::: Data provided

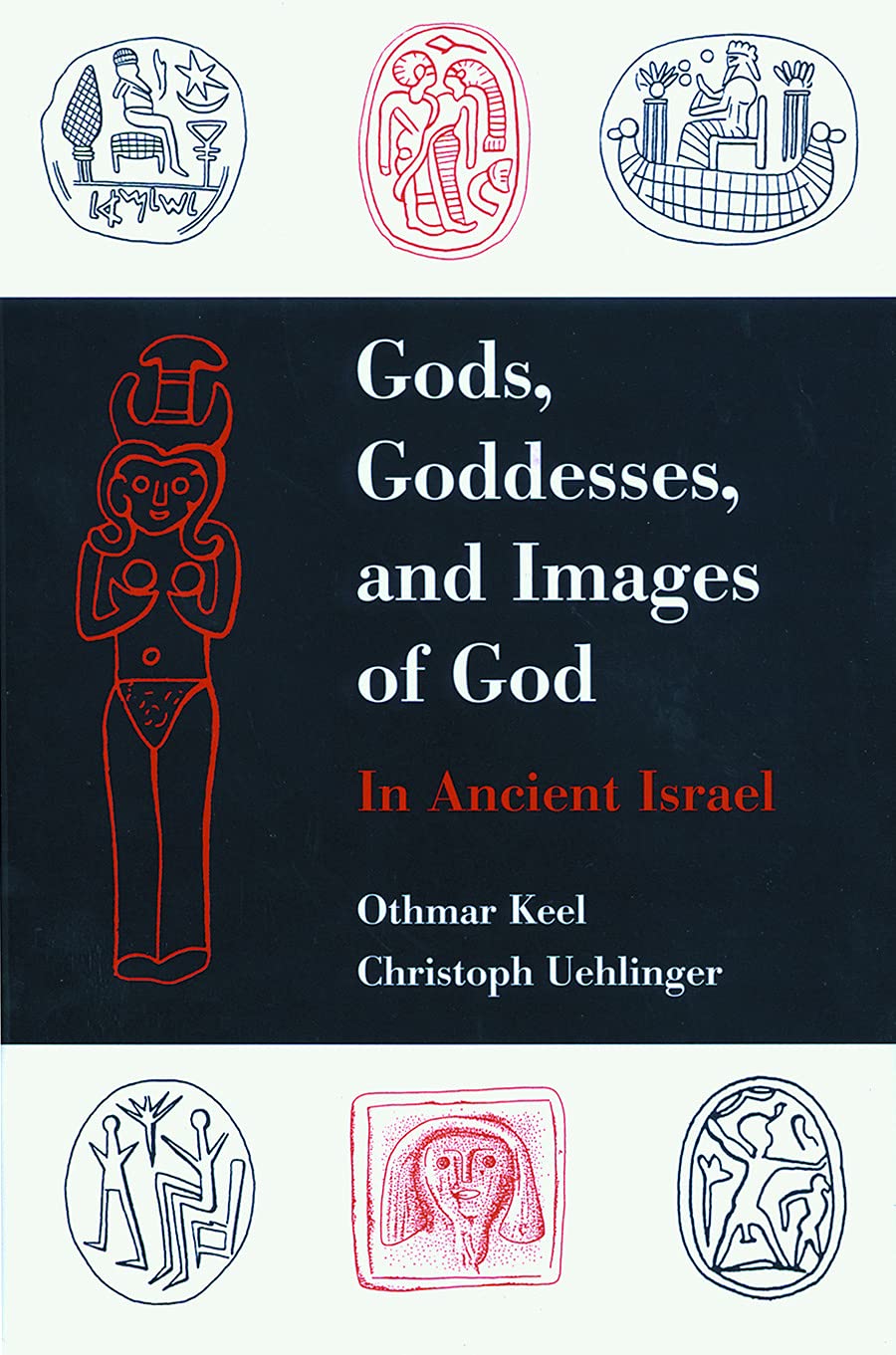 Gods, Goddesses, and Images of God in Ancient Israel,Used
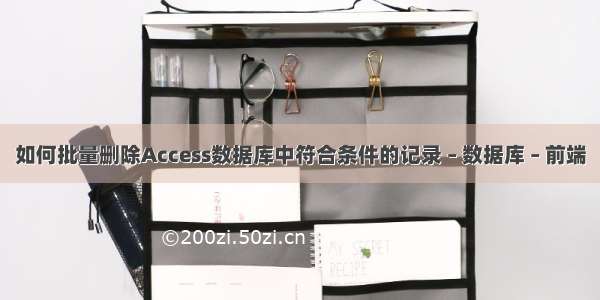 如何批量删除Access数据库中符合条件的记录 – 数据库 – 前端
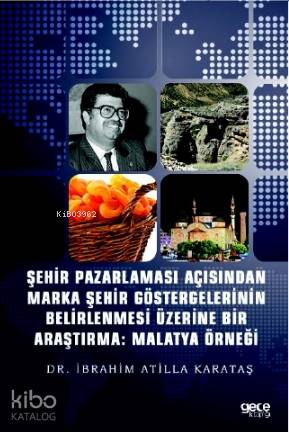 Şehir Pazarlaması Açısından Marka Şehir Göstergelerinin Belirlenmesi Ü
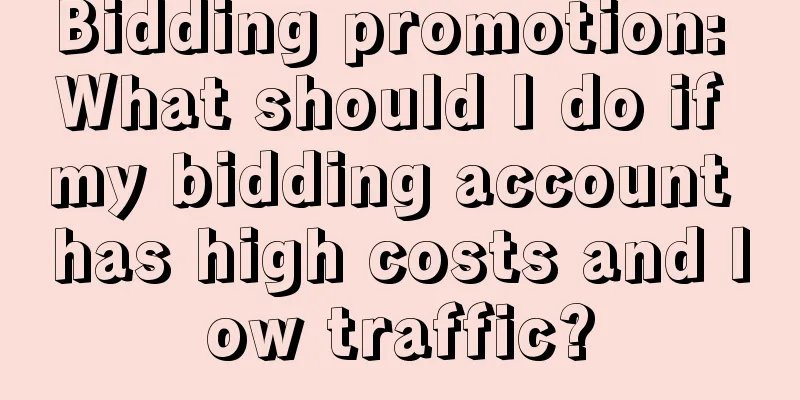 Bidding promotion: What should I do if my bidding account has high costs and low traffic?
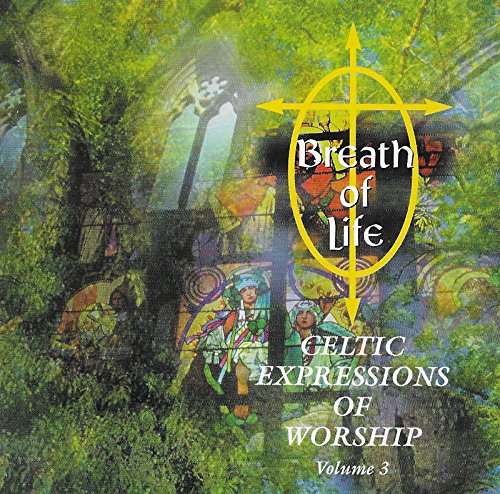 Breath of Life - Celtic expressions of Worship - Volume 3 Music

::::::

- _Task brief_
Beginning with the line that contains "Şehir Pazarlaması Açısından" and ending with the final line of the listing, return each line exactly. Omit all pictures.

- _Reply to the task_
 Şehir Pazarlaması Açısından Marka Şehir Göstergelerinin Belirlenmesi Ü
 Bidding promotion: What should I do if my bidding account has high costs and low traffic?
 Breath of Life - Celtic expressions of Worship - Volume 3 Music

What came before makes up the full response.